Our venerable mother Mary of Egypt was a desert ascetic who repented of a life of prostitution. She lived during the sixth century, and passed away in a remarkable manner in 522. The Church celebrates her feast day on the day of her repose, April 1; additionally, she is commemorated on the Sunday of St. Mary of Egypt, the fifth Sunday in Great Lent.

She began her life as a young woman who followed the passions of the body, running away from her parents at age twelve for Alexandria. There she lived as a harlot for seventeen years, refusing money from the men that she copulated with, instead living by begging and spinning flax.

One day, however, she met a group of young men heading toward the sea to sail to Jerusalem for the veneration of the Holy Cross. Mary went along for the ride, seducing the men as they traveled for the fun of it. But when the group reached Jerusalem and actually went towards the church, Mary was prohibited from entering by an unseen force. After three such attempts, she remained outside on the church patio, where she looked up and saw an icon of the Theotokos. She began to weep and prayed with all her might that the Theotokos might allow her to see the True Cross; afterwards, she promised, she would renounce her worldly desires and go wherever the Theotokos may lead her.

After this heart-felt conversion at the doors of the church, she fled into the desert to live as an ascetic. She survived for years on only three loaves of bread and thereafter on scarce herbs of the land. For another seventeen years, Mary was tormented by “wild beasts—mad desires and passions.” After these years of temptation, however, she overcame the passions and was led by the Theotokos in all things.

Following 47 years in solitude, she met the priest St. Zosima in the desert, who pleaded with her to tell him of her life. She recounted her story with great humility while also demonstrating her gift of clairvoyance; she knew who Zosima was and his life story despite never having met him before. Finally, she asked Zosima to meet her again the following year at sunset on Holy Thursday by the banks of the Jordan.

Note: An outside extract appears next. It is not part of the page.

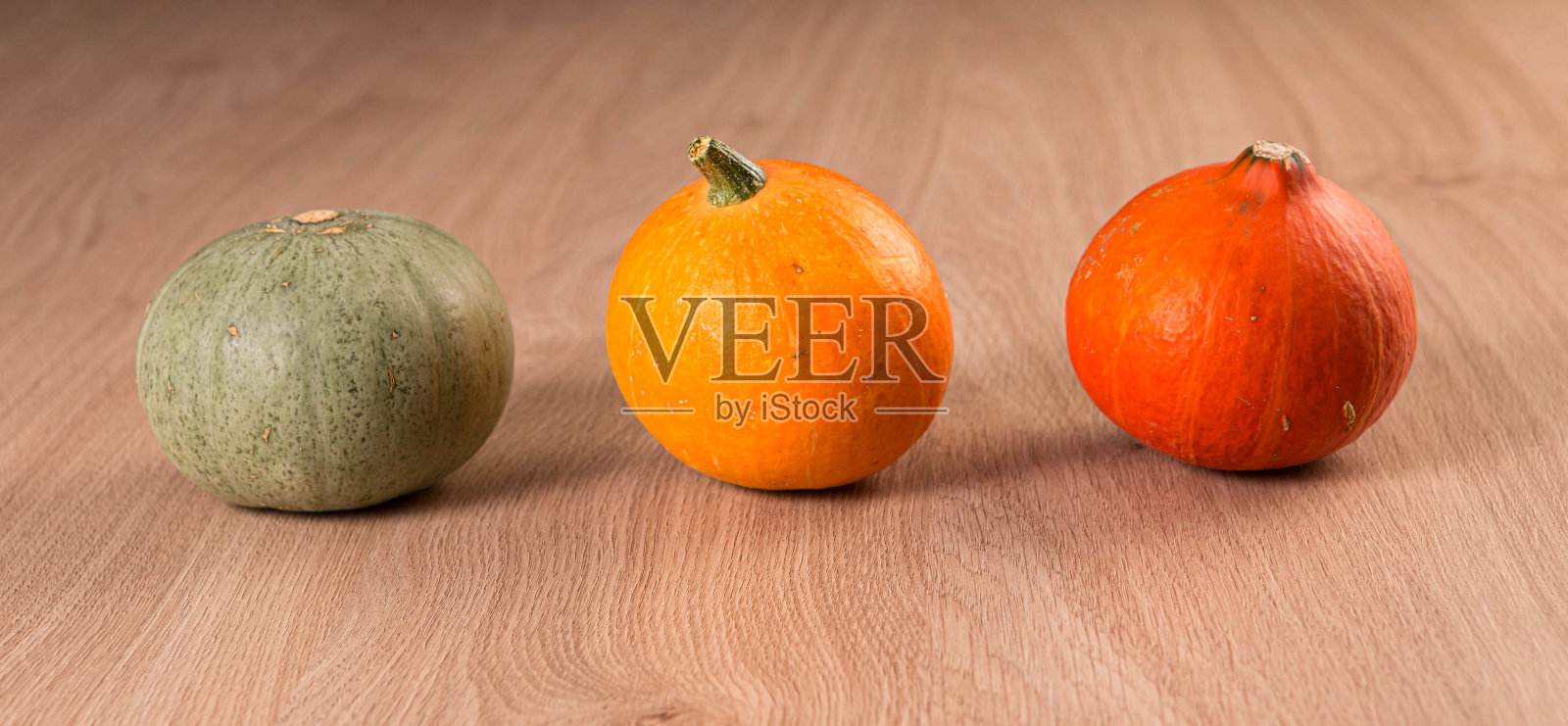 新鲜南瓜在木桌上排成一排，横幅。感恩节和万圣节的概念。照片摄影图片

Zosima did exactly this, though he began to doubt his experience as the sun began to go that night. Then Mary appeared on the opposite side of the Jordan; crossing herself, she miraculously walked across the water and met Zosima. When he attempted to bow, she rebuked him, saying that as a priest he was far superior, and furthermore, he was holding the Holy Mysteries. Mary then received communion and walked back across the Jordan after giving Zosima instructions about his monastery and that he should return to where they first met exactly a year later. When he did so, he found Mary’s body with a message written on the sand asking him for burial and revealing that she had died immediately after receiving the Holy Mysteries the year before (and thus had been miraculously transported to the spot where she now lay). So Zosima, amazed, began to dig, but soon tired; then a lion approached and began to help him, that is, after Zosima had recovered from his fear of the creature. Thus St. Mary of Egypt was buried. Zosima returned to the monastery, told all he had seen, and improved the faults of the monks and abbot there. He died at almost a hundred years old in the same monastery.

The Life of St. Mary of Egypt is read during Great Lent along with the Great Canon of St. Andrew.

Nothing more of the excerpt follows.